On August 6, 2020 the Company assumed obligations for a purchase order for UltraMist devices from Celularity related to purchases of UltraMist devices from Minnetronix . This purchase order had a remaining purchase commitment of $1,058,170. This purchase agreement also calls for production delay fees of 1.25% of the committed inventory if the Company delays production. There is also a cancelation clause of 20% of the remaining balance in the event that the Company delays production for more than six months. For additional details, see "Subsequent Events" in Note 24 of the Notes to Consolidated Financial Statements.

Recently Issued Accounting Standards

New accounting pronouncements are issued by the Financial Standards Board ("FASB") or other standards setting bodies that the Company adopts according to the various timetables the FASB specifies.
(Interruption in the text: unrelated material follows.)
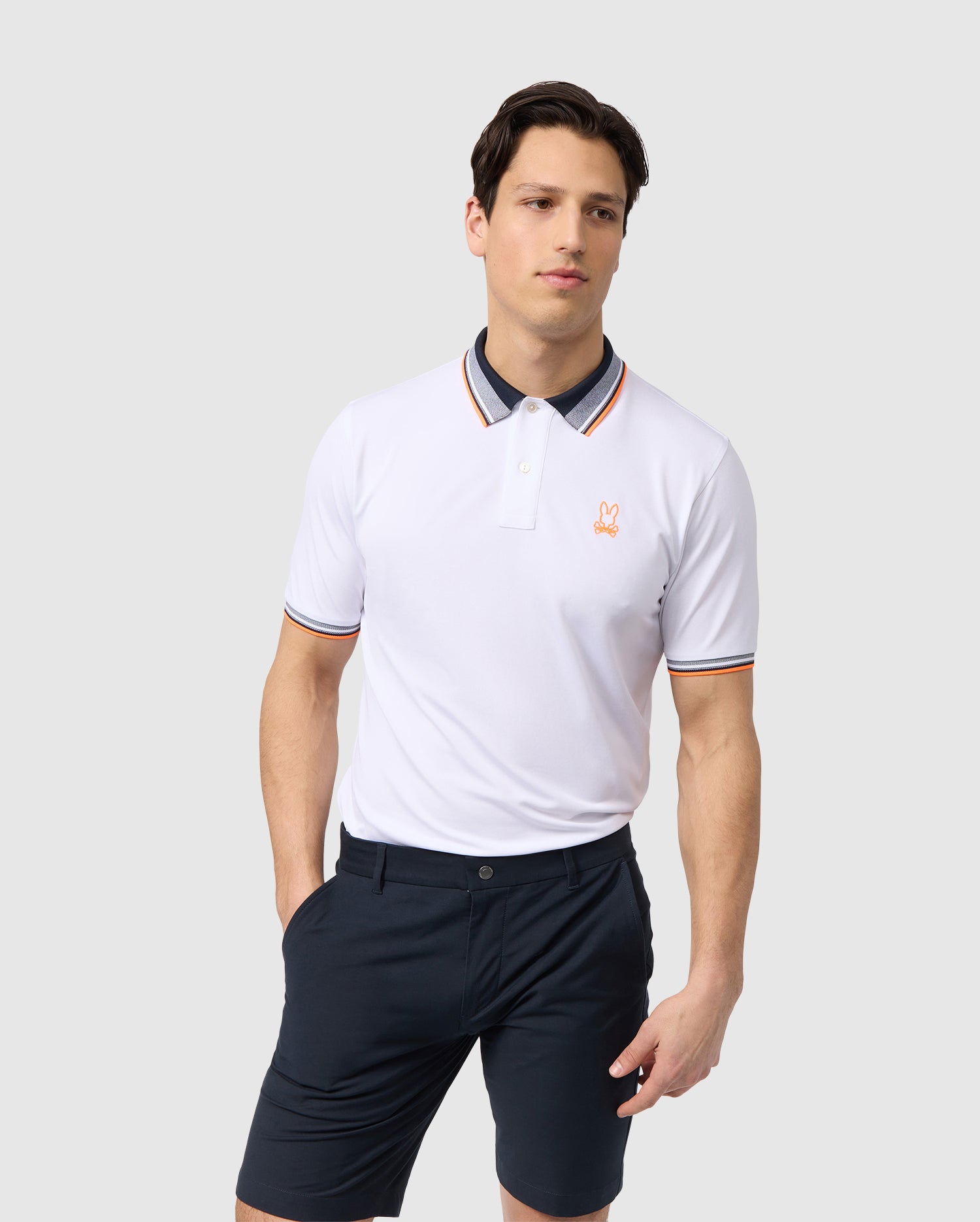 A man with short, dark hair is wearing a white Psycho Bunny MENS PORTLAND SPORT POLO - B6K397B200 featuring orange and black striped accents, an embroidered logo, and breathable mesh for added comfort. He pairs it with dark navy blue shorts. He is standing against a plain white background with one hand in his pocket and a neutral expression.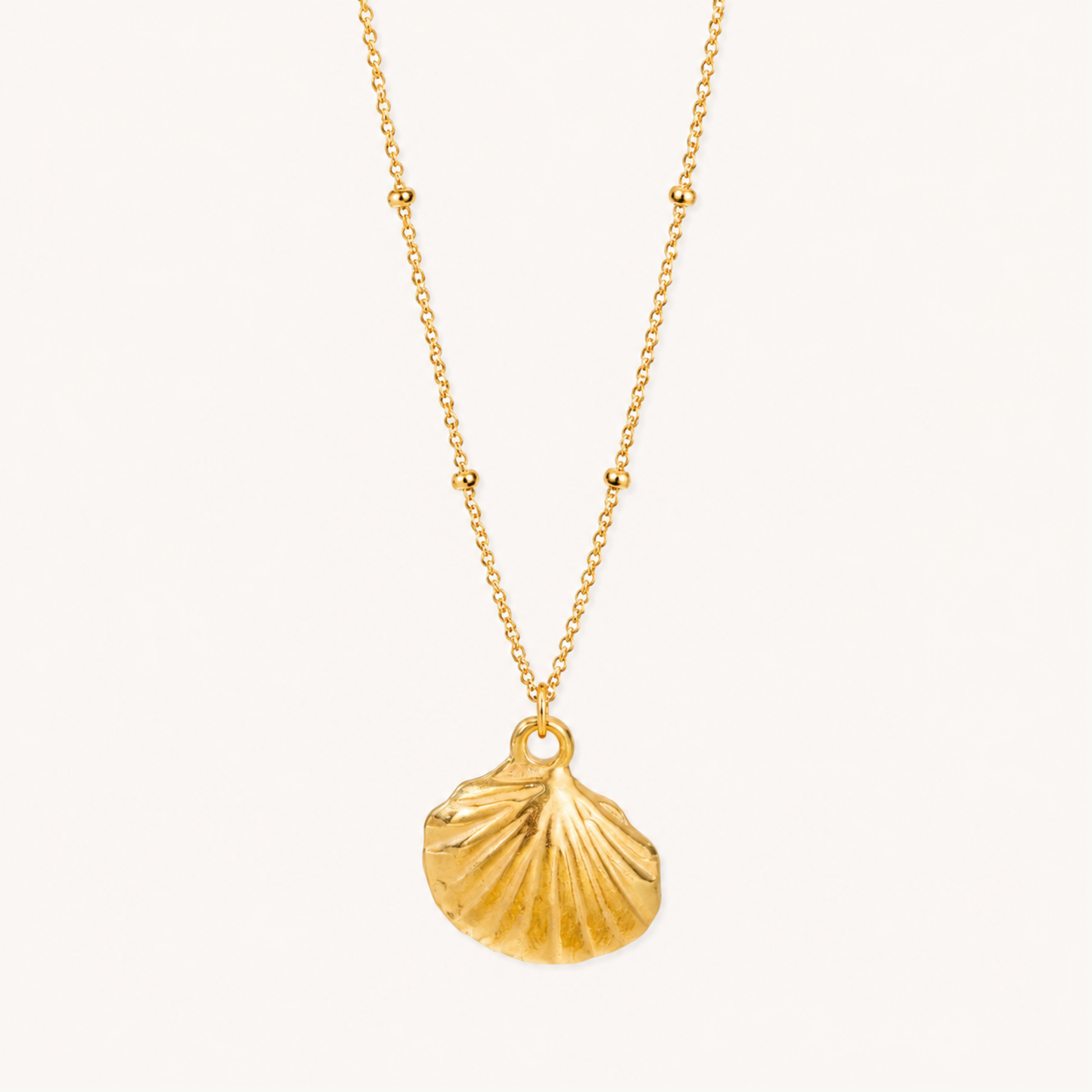 Gold seashell pendant necklace featuring a sculpted shell charm and delicate beaded chain, styled on a ZARIVA jewellery display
The Company does not expect the adoption of recently issued accounting pronouncements to have a significant impact on the Company's results of operations, financial position or cash flow. See Note 3 to the accompanying consolidated financial statements.

Off-Balance Sheet Arrangements

Since inception, we have not engaged in any off-balance sheet activities, including the use of structured finance, special purpose entities or variable interest entities.



                                       63

--------------------------------------------------------------------------------


  Table of Contents
Effects of Inflation

Due to the fact that our assets are, to an extent, liquid in nature, they are not significantly affected by inflation. However, the rate of inflation affects such expenses as employee compensation, office space leasing costs and research and development charges, which may not be readily recoverable during the period of time that we are bringing the product candidates to market. To the extent inflation results in rising interest rates and has other adverse effects on the market, it may adversely affect our consolidated financial condition and results of operations.